System experiences terrible graphical/input lag after idle
PostPosted: Sun Dec 01, 2019 10:54 am    Post subject: System experiences terrible graphical/input lag after idle Reply with quote

Starting about a week to two weeks ago after leaving my system idle (which generally causes xscreensaver to run but I think this occurs even when it doesnt) my system becomes completely unresponsive. It essentially takes a good several seconds to update the screen after I press an action (like switching VTs) or even worse attempt to type anything into a terminal. Typing into a terminal results in hundreds of repeated keys spamming accross the terminal screen which the screen updates every second or so until I kill X.

I've found that killing my wm (in this case fluxbox) and restarting it causes normal functionality again but it is a workaround. I'd like to figure out whats causing this and why.

Here are some specs:


Linux primarybox 5.4.1-gentoo #1 SMP Sat Nov 30 03:14:29 EST 2019 x86_64 AMD Ryzen Threadripper 2950X 16-Core Processor AuthenticAMD GNU/Linux
MemTotal:       65847124 kB
MemFree:        17709276 kB

[    0.000000] Linux version 5.4.1-gentoo (root@primarybox) (gcc version 9.2.0 (Gentoo 9.2.0-r2 p3)) #1 SMP Sat Nov 30 03:14:29 EST 2019
[    0.000000] Command line: BOOT_IMAGE=/kernel-5.4.1 root=/dev/mapper/root ro root_key=/keyfile.gpg crypt_root=/dev/sda2 root_trim=yes amd_iommu=on iommu=pt vfio-pci.ids=144d:a808,10de:1b81,10de:10f0 vfio_iommu_type1.allow_unsafe_interrupts=1 kvm.ignore_msrs=1 pcie_aspm=off

x11 driver in use: x11-drivers/nvidia-drivers-440.31-r1

This system is running kvm with vfio for gpu passthrough to a guest windows vm. I run several linux vms as well and use virt-manager to view them full screen with spice.

Some data points:

When the system is in its extreme lag phase I cannot interact with the guest vms at all, and even typing into a terminal on the host lags (when the guest vm window is present).
However when I remote into the same guest vms from my laptop over wifi the guest is running 100% flawlessly. In other words, its the host vm/gpu/interface that is lagging but all the vms on the system are running normally.
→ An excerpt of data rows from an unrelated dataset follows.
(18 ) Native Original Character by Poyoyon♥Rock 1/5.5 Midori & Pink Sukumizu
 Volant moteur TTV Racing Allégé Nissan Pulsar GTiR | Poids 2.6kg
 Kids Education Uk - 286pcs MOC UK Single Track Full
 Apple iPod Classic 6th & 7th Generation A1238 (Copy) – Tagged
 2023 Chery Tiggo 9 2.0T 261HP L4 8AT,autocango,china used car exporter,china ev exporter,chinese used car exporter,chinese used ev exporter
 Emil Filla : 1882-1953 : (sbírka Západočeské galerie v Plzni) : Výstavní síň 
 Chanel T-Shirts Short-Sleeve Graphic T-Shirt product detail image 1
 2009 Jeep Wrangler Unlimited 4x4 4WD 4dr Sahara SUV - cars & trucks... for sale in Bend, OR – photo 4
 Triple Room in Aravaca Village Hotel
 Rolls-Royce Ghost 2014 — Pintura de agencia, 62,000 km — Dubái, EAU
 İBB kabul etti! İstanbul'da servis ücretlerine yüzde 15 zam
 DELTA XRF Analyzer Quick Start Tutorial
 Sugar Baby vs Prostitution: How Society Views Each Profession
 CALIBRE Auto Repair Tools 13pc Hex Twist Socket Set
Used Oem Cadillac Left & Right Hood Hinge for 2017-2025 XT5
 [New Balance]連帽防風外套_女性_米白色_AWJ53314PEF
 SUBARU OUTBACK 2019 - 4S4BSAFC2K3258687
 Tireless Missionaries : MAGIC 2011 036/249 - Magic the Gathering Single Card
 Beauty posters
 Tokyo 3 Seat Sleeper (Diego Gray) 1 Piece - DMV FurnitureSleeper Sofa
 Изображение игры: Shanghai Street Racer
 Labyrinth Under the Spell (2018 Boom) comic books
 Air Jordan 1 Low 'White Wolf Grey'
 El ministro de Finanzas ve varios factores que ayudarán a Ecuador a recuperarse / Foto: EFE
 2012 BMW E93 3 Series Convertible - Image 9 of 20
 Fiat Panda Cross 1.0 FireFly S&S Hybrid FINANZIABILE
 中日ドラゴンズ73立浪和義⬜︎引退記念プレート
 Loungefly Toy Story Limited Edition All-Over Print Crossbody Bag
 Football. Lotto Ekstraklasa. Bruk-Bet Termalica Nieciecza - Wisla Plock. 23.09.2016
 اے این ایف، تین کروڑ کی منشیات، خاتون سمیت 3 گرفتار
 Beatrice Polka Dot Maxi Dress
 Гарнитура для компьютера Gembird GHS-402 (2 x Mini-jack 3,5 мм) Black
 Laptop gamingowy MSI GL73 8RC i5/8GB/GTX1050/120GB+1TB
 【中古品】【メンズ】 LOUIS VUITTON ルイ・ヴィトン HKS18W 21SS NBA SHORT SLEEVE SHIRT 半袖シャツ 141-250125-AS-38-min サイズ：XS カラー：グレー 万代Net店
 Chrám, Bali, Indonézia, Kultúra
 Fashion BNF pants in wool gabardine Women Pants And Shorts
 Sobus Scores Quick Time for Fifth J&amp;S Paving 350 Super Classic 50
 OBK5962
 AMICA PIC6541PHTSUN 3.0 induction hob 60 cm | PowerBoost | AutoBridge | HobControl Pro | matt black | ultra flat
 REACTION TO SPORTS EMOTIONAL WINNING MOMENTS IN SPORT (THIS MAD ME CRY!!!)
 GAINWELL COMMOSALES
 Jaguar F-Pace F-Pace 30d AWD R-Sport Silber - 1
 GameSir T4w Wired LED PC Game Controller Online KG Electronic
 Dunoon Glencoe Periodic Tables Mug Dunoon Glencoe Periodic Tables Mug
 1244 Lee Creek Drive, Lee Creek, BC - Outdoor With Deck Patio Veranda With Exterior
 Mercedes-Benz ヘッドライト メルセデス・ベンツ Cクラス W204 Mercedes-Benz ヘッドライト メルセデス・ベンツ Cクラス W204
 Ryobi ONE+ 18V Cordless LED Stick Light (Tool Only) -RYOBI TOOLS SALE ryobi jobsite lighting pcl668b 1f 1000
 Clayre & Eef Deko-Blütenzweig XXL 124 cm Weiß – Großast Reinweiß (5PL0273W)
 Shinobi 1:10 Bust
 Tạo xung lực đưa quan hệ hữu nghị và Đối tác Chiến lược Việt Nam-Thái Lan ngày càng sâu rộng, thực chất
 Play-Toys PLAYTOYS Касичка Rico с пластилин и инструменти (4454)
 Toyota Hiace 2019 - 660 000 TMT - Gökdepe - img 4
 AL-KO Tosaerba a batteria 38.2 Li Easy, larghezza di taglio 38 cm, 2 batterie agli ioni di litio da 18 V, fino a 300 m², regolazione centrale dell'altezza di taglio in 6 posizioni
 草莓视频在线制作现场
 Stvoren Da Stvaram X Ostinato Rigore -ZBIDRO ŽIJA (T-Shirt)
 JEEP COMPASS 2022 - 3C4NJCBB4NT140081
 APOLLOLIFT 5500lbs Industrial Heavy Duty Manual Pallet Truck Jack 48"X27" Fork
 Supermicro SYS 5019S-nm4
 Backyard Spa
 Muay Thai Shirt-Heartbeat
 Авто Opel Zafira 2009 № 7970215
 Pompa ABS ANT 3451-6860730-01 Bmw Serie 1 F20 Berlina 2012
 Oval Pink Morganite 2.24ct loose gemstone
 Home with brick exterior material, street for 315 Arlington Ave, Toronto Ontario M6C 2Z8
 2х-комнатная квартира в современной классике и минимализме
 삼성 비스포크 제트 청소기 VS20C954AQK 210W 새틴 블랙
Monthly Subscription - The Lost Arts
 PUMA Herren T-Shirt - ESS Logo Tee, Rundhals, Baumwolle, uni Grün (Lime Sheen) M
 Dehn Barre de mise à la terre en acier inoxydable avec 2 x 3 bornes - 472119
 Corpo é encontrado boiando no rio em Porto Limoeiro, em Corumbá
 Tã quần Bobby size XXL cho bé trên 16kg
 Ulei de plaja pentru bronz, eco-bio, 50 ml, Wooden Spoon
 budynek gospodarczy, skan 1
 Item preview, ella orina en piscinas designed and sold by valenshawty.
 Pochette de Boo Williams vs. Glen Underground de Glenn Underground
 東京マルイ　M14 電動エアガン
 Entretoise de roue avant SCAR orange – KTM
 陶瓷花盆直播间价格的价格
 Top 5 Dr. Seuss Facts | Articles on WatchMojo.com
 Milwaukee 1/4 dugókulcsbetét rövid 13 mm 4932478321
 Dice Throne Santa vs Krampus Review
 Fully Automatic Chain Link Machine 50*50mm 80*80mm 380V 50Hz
Again when I kill and rerun fluxbox the issue goes away.

Interesting error in dmesg on host:

followed by

[  200.633473] unchecked MSR access error: RDMSR from 0x48 at rIP: 0xffffffff8746a327 (svm_vcpu_run+0x607/0x810)
[  200.633474] Call Trace:
[  200.633478]  ? kvm_arch_vcpu_ioctl_run+0x875/0x1c40
[  200.633480]  ? __bpf_prog_run32+0x64/0x90
[  200.633481]  ? kvm_vcpu_ioctl+0x25e/0x600
[  200.633483]  ? do_vfs_ioctl+0x431/0x6b0
[  200.633484]  ? syscall_trace_enter+0x13e/0x2d0
[  200.633485]  ? ksys_ioctl+0x59/0x90
[  200.633485]  ? __x64_sys_ioctl+0x11/0x20
[  200.633486]  ? do_syscall_64+0x43/0x110
[  200.633488]  ? entry_SYSCALL_64_after_hwframe+0x44/0xa9


[62827.852617] resource sanity check: requesting [mem 0x000c0000-0x000fffff], which spans more than PCI Bus 0000:00 [mem 0x000c0000-0x000dffff window]
[62827.852684] caller _nv000906rm+0x1bf/0x1f0 [nvidia] mapping multiple BARs

I haven't changed anything other than update packages every week or so. I'm happy to post more information as requested. Currently I think this might be a bug in nvidia's drivers as maybe there was an update in that. However it could also be a gcc9 bug since its something I had updated within the time window. I have since rebuild every package in @world with gcc9 in case I missed something but that hasn't fixed the problem either.
PostPosted: Sun Dec 01, 2019 5:02 pm    Post subject: Reply with quote

Still seems like you have a memory leak somewhere and out of memory on the host and it's trying to swap (and perhaps you don't have any, and the machine starts puking instead).

What processes are running after it explodes?

Again you should put some swap space. I have swap on all my machines.